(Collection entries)

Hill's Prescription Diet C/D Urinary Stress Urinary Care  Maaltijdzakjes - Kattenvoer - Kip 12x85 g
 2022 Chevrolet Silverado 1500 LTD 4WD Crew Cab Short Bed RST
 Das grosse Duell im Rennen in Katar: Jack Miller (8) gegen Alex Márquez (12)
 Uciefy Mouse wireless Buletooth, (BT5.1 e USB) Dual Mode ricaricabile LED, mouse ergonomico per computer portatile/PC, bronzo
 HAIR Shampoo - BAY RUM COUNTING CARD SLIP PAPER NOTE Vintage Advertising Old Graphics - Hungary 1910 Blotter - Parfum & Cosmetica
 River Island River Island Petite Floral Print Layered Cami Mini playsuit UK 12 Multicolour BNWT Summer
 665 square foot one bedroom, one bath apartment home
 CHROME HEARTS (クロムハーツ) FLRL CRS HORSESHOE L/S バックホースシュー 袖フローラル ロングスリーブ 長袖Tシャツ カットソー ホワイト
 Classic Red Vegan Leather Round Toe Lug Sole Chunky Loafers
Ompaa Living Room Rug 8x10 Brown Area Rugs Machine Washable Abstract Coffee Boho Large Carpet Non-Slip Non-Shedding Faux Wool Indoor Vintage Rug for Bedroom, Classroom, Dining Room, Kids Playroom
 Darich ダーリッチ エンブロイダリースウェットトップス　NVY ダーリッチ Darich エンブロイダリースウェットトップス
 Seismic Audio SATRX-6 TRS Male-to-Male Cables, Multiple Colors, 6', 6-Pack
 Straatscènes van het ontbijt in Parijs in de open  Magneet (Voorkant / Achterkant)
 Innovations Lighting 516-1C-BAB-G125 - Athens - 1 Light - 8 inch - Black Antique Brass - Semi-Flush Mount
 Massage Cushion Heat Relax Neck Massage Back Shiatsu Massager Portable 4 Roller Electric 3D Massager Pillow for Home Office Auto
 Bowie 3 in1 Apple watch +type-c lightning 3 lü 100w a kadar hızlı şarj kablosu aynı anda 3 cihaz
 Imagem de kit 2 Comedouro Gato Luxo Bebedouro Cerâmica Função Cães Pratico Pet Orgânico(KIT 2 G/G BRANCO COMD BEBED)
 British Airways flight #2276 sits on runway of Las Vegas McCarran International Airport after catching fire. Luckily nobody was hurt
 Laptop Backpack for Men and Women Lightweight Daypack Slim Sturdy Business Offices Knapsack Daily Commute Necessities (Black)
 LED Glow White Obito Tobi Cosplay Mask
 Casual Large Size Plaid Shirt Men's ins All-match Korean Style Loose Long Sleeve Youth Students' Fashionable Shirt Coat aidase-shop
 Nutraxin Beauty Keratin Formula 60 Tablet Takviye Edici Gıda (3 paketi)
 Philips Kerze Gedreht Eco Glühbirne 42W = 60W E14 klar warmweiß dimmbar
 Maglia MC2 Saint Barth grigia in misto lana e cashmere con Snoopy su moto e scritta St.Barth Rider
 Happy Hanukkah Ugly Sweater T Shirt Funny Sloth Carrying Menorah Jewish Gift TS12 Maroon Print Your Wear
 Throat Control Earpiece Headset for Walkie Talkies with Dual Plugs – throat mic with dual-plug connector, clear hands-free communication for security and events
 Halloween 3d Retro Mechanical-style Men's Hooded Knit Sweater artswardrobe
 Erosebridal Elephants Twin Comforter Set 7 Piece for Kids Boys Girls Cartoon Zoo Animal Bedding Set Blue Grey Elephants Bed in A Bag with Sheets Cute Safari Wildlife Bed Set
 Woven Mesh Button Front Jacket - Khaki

REQUIRED ACTION:
Every line that holds the string "Dual" must be copied from the records above.

OUTPUT OF THE TASK:
 Uciefy Mouse wireless Buletooth, (BT5.1 e USB) Dual Mode ricaricabile LED, mouse ergonomico per computer portatile/PC, bronzo
 Throat Control Earpiece Headset for Walkie Talkies with Dual Plugs – throat mic with dual-plug connector, clear hands-free communication for security and events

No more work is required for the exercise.